Moradores dizem que, só na região do Largo do Paissandu, há 20 ocupações

Uma briga de casal é a mais provável causa para o incêndio que provocou o desabamento de um prédio no Largo do Paisandu, no centro de São Paulo, nesta madrugada. Gabriel Archangelo, de 21 anos, assistiu ao momento em que um casal discutia no quinto andar. Embora fosse proibido, eles cozinhavam com álcool como combustível. O marido colocava mais líquido na fogueira quando a mulher o empurrou.

As roupas dos dois pegaram fogo. Eles arrancaram tudo do corpo e desceram nus com os filhos pela escadaria. Gabriel avisou a mãe para levar seus 11 irmãos para baixo e correu até o décimo andar berrando “fogo, fogo!”.

— Não deu tempo de todo mundo sair. Não deu — lamenta Archeangelo enquanto abre uma garrafa de vinho. — É o que sobrou para fazer.

Atrás das paredes amarelas da Igreja Nossa Senhora do Rosário dos Homens Pretos , Gabriel e outros moradores estavam largados em cerca de dez colchões e cercados de vizinhos de outras invasões e pedestres curiosos. Eles estavam desesperançosos. Por volta das 9h, apenas a Guarda Civil Metropolitana havia feito um cadastro de quem perdeu tudo na madrugada para fornecer os colchonetes. Segundo eles, a Prefeitura de São Paulo ainda não havia oferecido assistência.

— A gente é invisível mesmo — disse uma mulher, vítima da tragédia, enquanto acendia um cigarro.

Logo ao lado, Fábia Rodrigues da Silva, de 30 anos, chorava. Ela morava num quartinho no 3º andar com os dois filhos, um menino de 17 anos e uma garota de 10. Pagava R$ 400 mensais de aluguel e dividia o banheiro com outras 15 famílias que moravam no mesmo pavimento.

— Acordei com uma gritaria, achando que era briga. Quando vi que era incêndio, mandei meus filhos descerem e fiquei procurando nossos documentos — conta Fábia, que trabalha como assistente de limpeza de um cinema.

A moça, que também desceu com sua cachorra Mel, chegou a ver o amigo, conhecido apenas como Tatuado, pendurado em uma corda, sendo resgatado pelos bombeiros. Antes que o rapaz chegasse ao chão, o prédio desabou. O homem morreu. Fábia se desesperava ao falar de outras duas amigas que estão sumidas: Selma, mãe de gêmeos pequenos, e Eva.

— Isso fora todo o povo do quinto andar pra cima, que a gente não sabe onde está — lamentou Fábia.

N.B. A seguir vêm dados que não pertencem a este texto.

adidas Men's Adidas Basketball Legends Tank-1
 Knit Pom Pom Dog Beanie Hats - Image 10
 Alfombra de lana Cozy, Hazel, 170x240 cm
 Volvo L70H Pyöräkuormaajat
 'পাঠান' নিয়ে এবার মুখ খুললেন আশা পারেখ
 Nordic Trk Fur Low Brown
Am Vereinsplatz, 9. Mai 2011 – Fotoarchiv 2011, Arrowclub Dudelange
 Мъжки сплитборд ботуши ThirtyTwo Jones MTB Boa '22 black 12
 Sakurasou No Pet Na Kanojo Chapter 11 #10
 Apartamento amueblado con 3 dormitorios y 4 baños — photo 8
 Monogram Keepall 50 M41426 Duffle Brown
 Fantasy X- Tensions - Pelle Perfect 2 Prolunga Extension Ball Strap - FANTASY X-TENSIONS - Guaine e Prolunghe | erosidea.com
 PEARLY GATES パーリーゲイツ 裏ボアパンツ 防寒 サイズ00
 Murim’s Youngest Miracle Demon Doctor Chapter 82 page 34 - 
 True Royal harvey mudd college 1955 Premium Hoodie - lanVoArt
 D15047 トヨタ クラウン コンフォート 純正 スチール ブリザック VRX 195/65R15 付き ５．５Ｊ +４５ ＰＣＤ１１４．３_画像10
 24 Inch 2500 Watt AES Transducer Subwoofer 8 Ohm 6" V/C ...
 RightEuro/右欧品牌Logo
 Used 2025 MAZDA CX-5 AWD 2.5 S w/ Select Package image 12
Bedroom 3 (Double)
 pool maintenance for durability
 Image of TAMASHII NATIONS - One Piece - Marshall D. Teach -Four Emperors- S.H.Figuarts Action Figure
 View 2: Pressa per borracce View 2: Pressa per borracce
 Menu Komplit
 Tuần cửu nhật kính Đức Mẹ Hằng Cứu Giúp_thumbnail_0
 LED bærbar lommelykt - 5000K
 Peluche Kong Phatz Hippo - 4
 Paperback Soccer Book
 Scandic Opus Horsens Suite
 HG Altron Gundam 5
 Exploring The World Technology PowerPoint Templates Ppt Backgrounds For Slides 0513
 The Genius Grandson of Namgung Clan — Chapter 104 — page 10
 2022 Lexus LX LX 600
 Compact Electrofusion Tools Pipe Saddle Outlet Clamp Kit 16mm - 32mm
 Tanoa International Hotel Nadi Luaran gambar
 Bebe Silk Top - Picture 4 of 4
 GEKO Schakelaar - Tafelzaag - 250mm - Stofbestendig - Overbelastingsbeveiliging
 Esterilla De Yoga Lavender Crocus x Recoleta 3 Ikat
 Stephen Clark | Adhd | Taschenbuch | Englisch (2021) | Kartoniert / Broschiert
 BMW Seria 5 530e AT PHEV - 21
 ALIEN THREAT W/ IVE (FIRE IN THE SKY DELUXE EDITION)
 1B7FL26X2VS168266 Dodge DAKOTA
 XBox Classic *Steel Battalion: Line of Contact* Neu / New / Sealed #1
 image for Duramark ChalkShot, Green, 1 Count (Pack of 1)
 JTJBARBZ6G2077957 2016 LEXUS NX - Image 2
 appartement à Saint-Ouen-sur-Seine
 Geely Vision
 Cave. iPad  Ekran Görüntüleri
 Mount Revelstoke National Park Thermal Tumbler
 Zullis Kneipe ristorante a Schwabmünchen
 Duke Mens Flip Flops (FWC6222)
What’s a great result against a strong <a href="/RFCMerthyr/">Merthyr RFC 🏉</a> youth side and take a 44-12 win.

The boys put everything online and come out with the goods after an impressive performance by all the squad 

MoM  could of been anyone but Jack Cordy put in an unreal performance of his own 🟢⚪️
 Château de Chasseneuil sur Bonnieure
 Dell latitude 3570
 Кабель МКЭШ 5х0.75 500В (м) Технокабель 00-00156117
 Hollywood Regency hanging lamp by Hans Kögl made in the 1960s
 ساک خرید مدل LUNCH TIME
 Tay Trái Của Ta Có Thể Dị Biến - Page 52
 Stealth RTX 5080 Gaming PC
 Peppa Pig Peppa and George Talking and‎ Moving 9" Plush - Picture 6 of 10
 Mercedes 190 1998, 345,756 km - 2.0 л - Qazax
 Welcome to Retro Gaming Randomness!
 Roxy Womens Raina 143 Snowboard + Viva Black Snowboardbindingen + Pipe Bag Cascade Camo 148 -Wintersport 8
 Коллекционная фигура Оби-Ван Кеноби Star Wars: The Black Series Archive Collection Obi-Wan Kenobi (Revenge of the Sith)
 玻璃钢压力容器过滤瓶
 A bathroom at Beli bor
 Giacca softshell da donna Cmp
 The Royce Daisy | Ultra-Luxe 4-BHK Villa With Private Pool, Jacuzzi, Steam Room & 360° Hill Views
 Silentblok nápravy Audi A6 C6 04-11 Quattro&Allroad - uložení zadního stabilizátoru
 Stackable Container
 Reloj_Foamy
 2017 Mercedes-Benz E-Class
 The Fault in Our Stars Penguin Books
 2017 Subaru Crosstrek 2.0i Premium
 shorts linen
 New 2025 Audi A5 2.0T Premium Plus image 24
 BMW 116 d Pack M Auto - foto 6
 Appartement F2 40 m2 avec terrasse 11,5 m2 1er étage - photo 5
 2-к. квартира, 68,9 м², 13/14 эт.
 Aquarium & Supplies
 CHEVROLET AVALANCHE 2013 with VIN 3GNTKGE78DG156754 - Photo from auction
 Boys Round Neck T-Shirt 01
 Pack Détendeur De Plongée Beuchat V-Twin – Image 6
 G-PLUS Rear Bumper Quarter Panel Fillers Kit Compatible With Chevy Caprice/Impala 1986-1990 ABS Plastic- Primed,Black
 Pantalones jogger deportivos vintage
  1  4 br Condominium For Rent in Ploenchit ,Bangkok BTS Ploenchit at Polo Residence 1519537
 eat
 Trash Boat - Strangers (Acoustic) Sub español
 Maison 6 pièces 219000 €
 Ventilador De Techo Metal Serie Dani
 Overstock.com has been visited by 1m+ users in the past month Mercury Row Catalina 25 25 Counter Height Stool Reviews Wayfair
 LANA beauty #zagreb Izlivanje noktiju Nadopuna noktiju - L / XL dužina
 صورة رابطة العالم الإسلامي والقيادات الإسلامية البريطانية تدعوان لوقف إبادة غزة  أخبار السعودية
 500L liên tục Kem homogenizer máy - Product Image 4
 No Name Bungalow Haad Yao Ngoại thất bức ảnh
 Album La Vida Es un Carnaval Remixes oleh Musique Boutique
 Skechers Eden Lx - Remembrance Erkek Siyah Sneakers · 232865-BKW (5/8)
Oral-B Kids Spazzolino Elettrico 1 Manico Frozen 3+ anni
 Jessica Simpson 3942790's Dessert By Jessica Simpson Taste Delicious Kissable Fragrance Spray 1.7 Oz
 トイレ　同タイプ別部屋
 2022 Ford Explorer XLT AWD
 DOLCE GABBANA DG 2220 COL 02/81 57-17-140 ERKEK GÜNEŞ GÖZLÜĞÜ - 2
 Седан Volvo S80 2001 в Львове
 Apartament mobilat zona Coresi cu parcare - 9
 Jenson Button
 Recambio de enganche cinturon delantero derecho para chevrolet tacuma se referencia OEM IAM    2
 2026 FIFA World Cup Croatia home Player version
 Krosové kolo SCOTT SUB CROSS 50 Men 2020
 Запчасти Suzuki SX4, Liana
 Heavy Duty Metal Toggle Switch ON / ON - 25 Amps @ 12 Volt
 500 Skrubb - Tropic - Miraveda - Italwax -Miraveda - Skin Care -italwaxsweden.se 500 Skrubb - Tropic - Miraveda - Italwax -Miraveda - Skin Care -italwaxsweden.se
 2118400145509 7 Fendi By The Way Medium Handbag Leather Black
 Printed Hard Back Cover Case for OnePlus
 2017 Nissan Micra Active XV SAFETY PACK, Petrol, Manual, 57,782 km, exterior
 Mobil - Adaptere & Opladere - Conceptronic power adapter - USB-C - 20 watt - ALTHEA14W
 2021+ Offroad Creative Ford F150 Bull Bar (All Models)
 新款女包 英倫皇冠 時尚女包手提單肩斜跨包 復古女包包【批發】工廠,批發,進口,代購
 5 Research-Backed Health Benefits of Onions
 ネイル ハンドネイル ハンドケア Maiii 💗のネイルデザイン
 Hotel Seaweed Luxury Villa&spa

MORADORES PAGAVAM ALUGUEL A COORDENADORES DO MLSM

O aluguel era pago, segundo os moradores, para dois “coordenadores” do Movimento de Luta Social por Moradia, o MLSM. Ambos sumiram assim que o fogo começou.

— Foram os primeiros a fugir — grita Antônio, um rapaz de boné, muito agitado. — Eles moravam no térreo. Deu tempo até de tirar os carros da garagem.

Os moradores dizem que, só na região do Largo do Paissandu, há 20 ocupações. As regras no prédio que eram rígidas, relatam as vítimas. A água só era liberada de madrugada e os portões eram trancados às 19h.

— Estava tudo trancado na hora do fogo. Se não fosse um morador de rua arrebentar a corrente, a gente teria morrido lá dentro — diz Fábia.

Quem chegasse depois da meia-noite, dormia na rua. Foi o que aconteceu algumas vezes com Bárbara Nair, de 19 anos, grávida do terceiro filho.

— Fui expulsa há duas semanas porque atrasei R$ 100 do aluguel. Sendo que o prédio é infestado de rato, não tem esgoto nem descarga — conta Bárbara.

Há dois meses, funcionários da prefeitura estiveram no prédio fazendo o cadastro das famílias, com a promesa de realoca-las.

Em frente aos escombros em chamas do prédio que já foi da Polícia Federal, Rogério Baleki exibia um documento datado de 24 de novembro de 2015 e assinado pelo promotor de Justiça de Habitação e Urbanismo, Reynaldo Mapelli Júnior. O ofício informa a instauração de um inquérito para apurar as condições da ocupação.

— Isso não é acidente. O prédio foi vistoriado dias depois — diz Baleki, que morou no prédio ao lado por alguns anos.